TASK ITEM
Your answer must be an exact retyping of the line containing "лазерный проектор X-Laser" and every line after it through the end of the records below, with no pictures and nothing else.

====

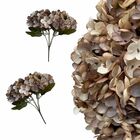 15 Buquês De Mini Hortênsias Artificiais Para Uso Interno Dec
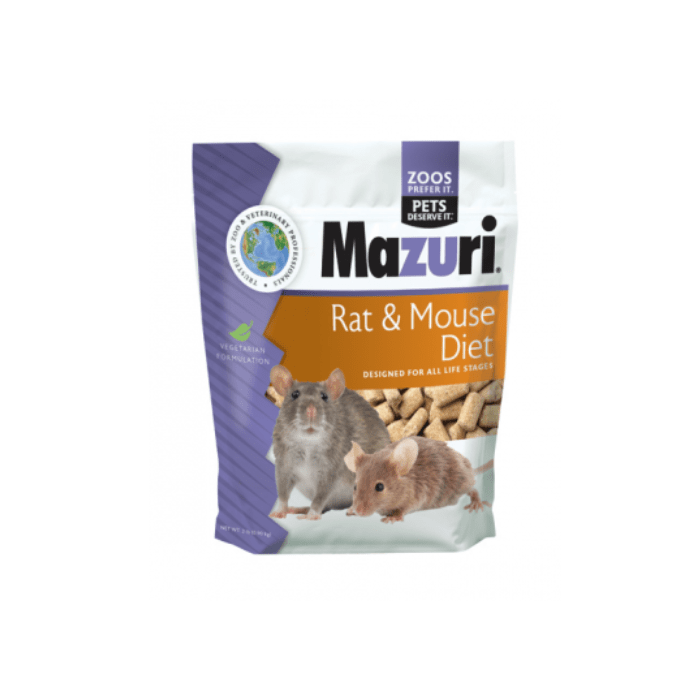 MAZURI RATA 900 GRS RAT Y MOUSE DIET1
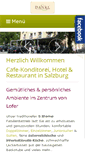 Mobile Screenshot of cafedankl.at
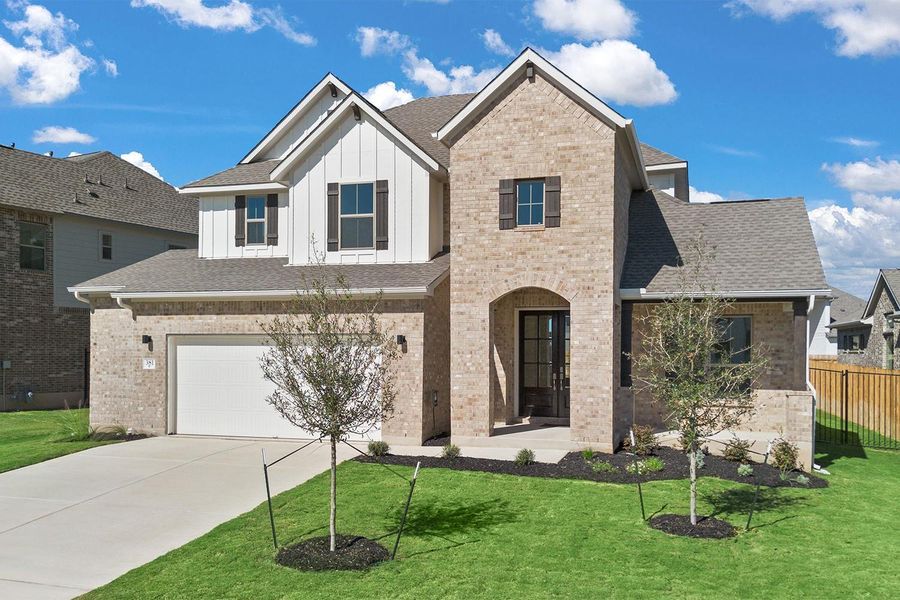 381 Hollister Dr - Brookshire Elevation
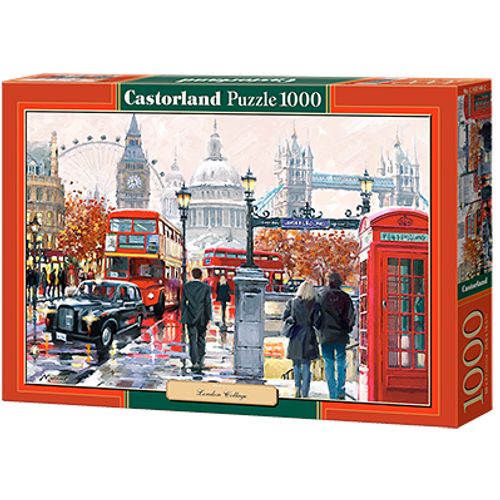 Puzzle Kolaž Londona slika 1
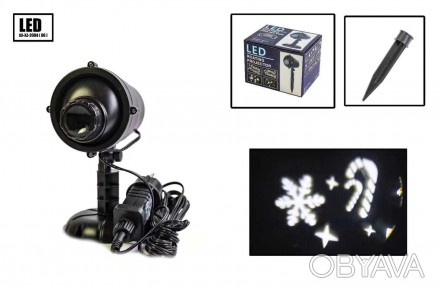 Лазерный проектор-освещение вашего дома
лазерный проектор X-Laser XX-XZ-2004 с р. . фото 1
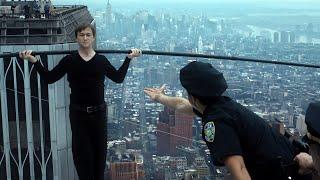 (True Story) Insane Daredevil Illegally Wire Walks Between Twin Towers At 1369 Feet Before 9/11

====

OUTPUT BELOW
лазерный проектор X-Laser XX-XZ-2004 с р. . фото 1
 (True Story) Insane Daredevil Illegally Wire Walks Between Twin Towers At 1369 Feet Before 9/11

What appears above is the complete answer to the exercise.